The nomination of liberal judge Goodwin Liu for the U.S. Court of Appeals was defeated by filibuster yesterday in the Senate. 40 senators are needed to defeat a proposed statute or nomination unless 60 senators vote to invoke "cloture," which ends the filibuster and restores majority rule. According to Stone's HuffPo article:
Yesterday, 42 Senate Republicans (joined by one conservative Democrat) used the filibuster to block the Senate's consideration of Goodwin Liu. Although 53 senators voted to invoke cloture, the minority succeeded in preventing the Senate from even voting on the nomination. 
So Liu's nomination didn't even get a vote. Stone says:
To justify their behavior, some Republicans invoke the Bork nomination battle as a relevant precedent, but their thinking on that score is completely wrong-headed. Bork was not the target of a filibuster. He was defeated in a straight up-or-down vote of 58 against and 42 in favor. If Liu were given such a vote, he would clearly be confirmed. The distance we have travelled over the past twenty-five years is a good measure of the extent to which we now live in a world of partisanship run amuck.
 Ah, yes: Robert Bork.

Bork was known for his belief in the judicial principle of "originalism": that judges should be guided by the framers' original understanding of the Constitution. His stated belief that the Constitution contains no general "right to privacy" provoked fears that he would vote to reverse the Court's 1973 decision in Roe v. Wade. A fierce critic of the Warren and Burger courts for what he considered to be "judicial activism," and who stated a desire to roll back those courts' civil rights decisions, Bork shot into the public notice for his role as Nixon's Solicitor General in the Watergate drama known as the Saturday Night Massacre.

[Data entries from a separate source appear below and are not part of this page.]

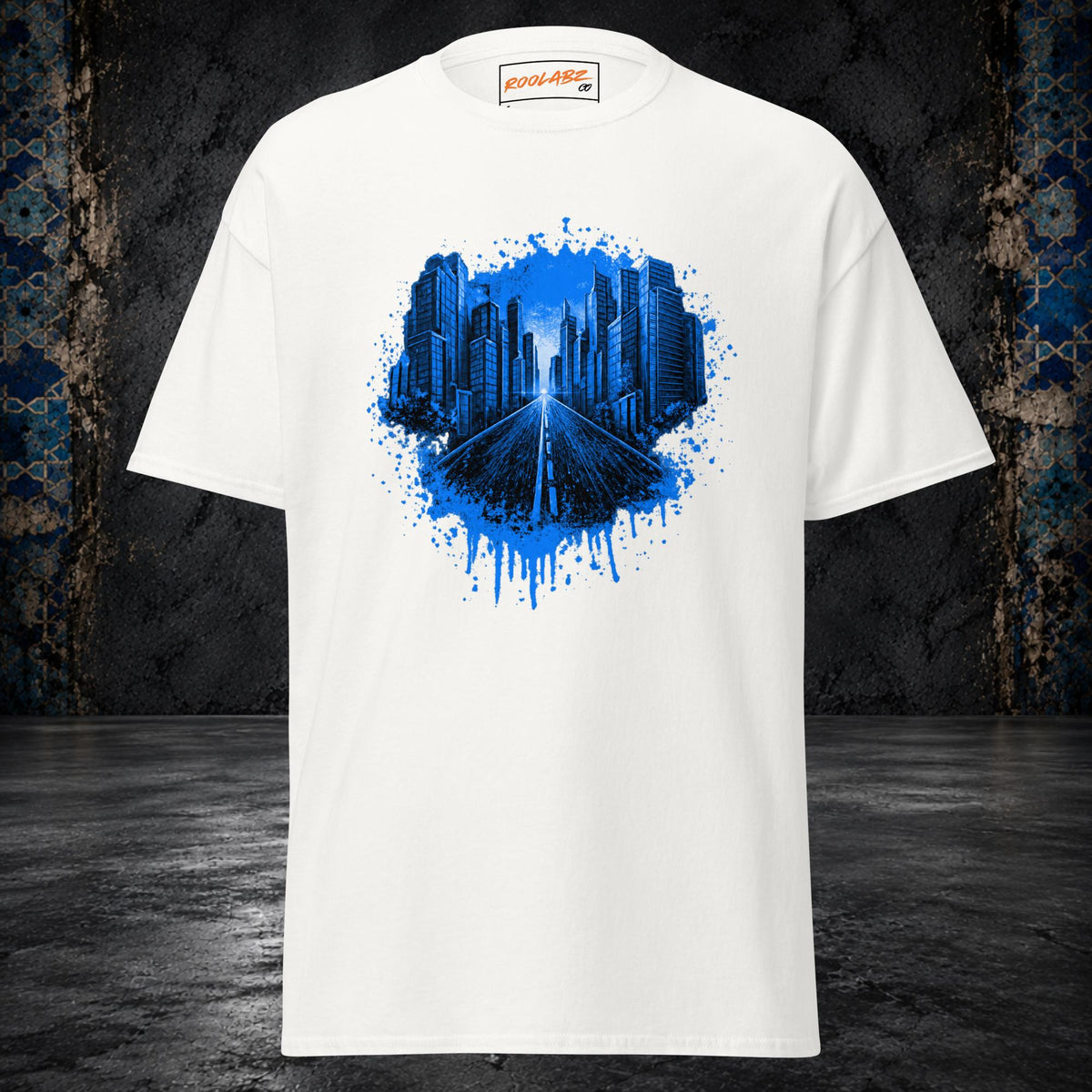 Front mockup of a white tee with an electric-blue skyline and highway framed by paint splashes and drips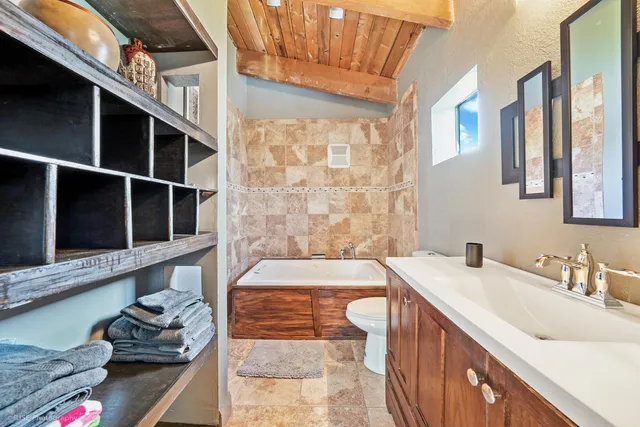 a bathroom with a sink and a bathtub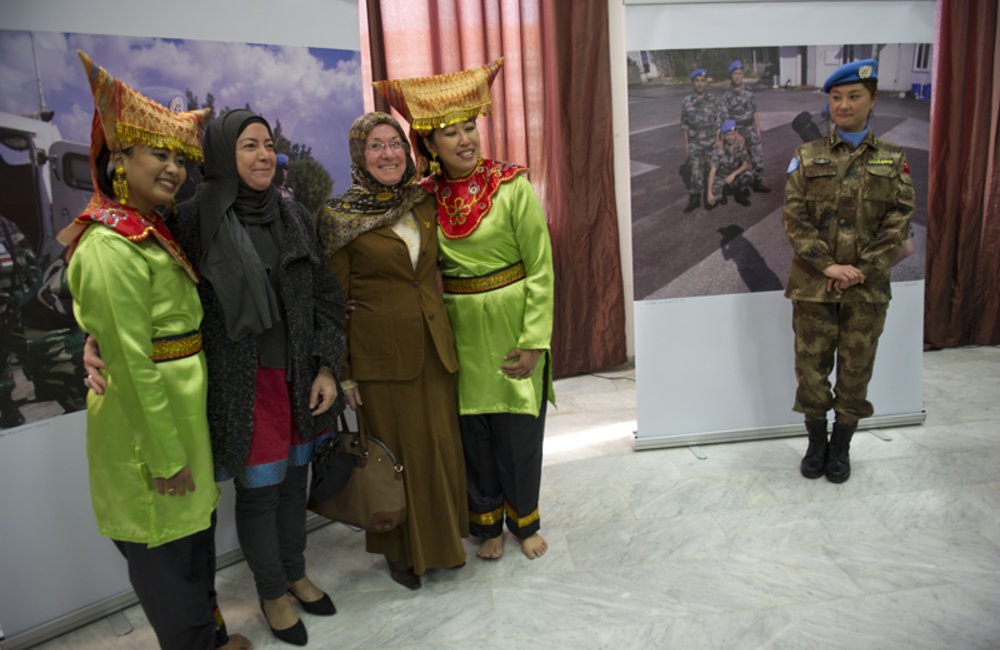 UNIFIL Indonesian Peacekeepers wearing their traditional costumes at a photo exhibition organized by UNIFIL to celebrate International Women’s Day held at Tyr’s Cultural centre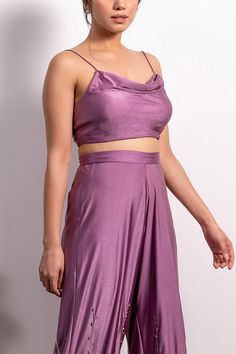 Purple crop top with cowl neckline and shoulder straps. Comes with high waisted embroidered pants.
Component: 2
Pattern: Embroidery
Type Of Work: Pearl, Sequin and Cutdana
Neckline: Cowl Neck
Sleeve Type: Sleeveless
Fabric: Lycra
Color: Purple
Other Details: 
Pants with embroidery on the hem
Shoulder straps
Closure: Side zip
Note: Blouse padded only up till size: 2XL
Occasion: Party - Aza Fashions Cowl Neck Crop Top, Crop Top And Pants Set, Purple Crop Top, Embroidered Pants, Purple Pearl, Top And Pants Set, Pattern Embroidery, Cowl Neckline, Neck Crop Top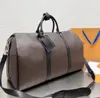 Designer quente dufflemen mulheres moda bolsa de viagem grande capacidade bolsa clássico impresso revestido lona couro bolsa de viagem bolsa de embarque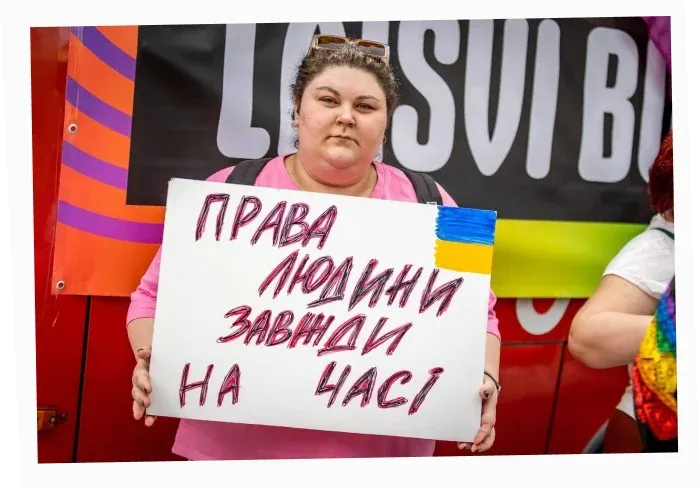 Resistance Director Kamiliia Safarova holding a “Human Rights Are Always Timely” sign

When Watergate Special Prosecutor Archibald Cox requested tapes of his Oval Office conversations. Nixon ordered Attorney General Elliot Richardson to fire Cox; instead, Richardson resigned. Next in line was Deputy Attorney General William Ruckelshaus, who also resigned, making Bork the Acting Attorney General. Bork complied with Nixon's order and fired Cox.

President Reagan nominated Bork to the Supreme Court in 1987, igniting a firestorm of protest from Democrats. Bork is one of only three Supreme Court nominees ever to be opposed by the leftist American Civil Liberties Union, along with William Rehnquist and Samuel Alito. Ted Kennedy attacked him on the floor of the Senate in the following terms:
Robert Bork's America is a land in which women would be forced into back-alley abortions, blacks would sit at segregated lunch counters, rogue police could break down citizens' doors in midnight raids, schoolchildren could not be taught about evolution, writers and artists could be censored at the whim of the Government, and the doors of the Federal courts would be shut on the fingers of millions of citizens for whom the judiciary is—and is often the only—protector of the individual rights that are the heart of our democracy... President Reagan is still our president. But he should not be able to reach out from the muck of Irangate, reach into the muck of Watergate and impose his reactionary vision of the Constitution on the Supreme Court and the next generation of Americans. No justice would be better than this injustice.
 Wow. Pretty strong stuff.

In the end, the Senate rejected Bork's confirmation, with 42 Senators voting in favor and 58 voting against -- but at least he got a straight up-or-down vote on the Senate floor; Goodwin Liu didn't make it that far.

This is only the fourth time in U.S. history that an appointment to the Court of Appeals has been blocked by filibuster. The first three were Lyndon Johnson's nomination of Abe Fortas in 1968; Carter's nomination of Stephen Breyer in 1980 (though that filibuster was unsuccessful); and George W. Bush's nomination of Miguel Estrada in 2001.

Yet another example of present-day Republican obstructionism.